*** RECORDS PROVIDED Section Begins ***

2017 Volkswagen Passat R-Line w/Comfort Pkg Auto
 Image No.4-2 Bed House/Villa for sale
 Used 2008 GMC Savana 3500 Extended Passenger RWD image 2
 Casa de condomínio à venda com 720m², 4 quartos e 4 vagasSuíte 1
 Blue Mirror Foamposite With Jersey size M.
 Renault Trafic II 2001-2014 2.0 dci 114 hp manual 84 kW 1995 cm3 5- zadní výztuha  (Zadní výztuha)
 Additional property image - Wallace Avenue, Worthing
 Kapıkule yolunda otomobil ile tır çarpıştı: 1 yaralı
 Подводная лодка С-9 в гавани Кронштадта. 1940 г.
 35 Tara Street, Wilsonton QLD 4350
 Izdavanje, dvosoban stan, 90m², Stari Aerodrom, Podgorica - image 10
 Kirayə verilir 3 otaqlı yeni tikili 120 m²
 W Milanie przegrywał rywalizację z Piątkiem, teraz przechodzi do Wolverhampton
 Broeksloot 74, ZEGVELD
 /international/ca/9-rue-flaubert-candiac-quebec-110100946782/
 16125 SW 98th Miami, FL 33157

*** RECORDS PROVIDED Section Ends ***

**TASK INSTRUCTIONS**
Retype the entries above exactly, but only from the line containing "Renault Trafic II" through the line containing "35 Tara Street, Wilsonton QLD 4350", both included.

**RESULT OF THIS EXERCISE**
 Renault Trafic II 2001-2014 2.0 dci 114 hp manual 84 kW 1995 cm3 5- zadní výztuha  (Zadní výztuha)
 Additional property image - Wallace Avenue, Worthing
 Kapıkule yolunda otomobil ile tır çarpıştı: 1 yaralı
 Подводная лодка С-9 в гавани Кронштадта. 1940 г.
 35 Tara Street, Wilsonton QLD 4350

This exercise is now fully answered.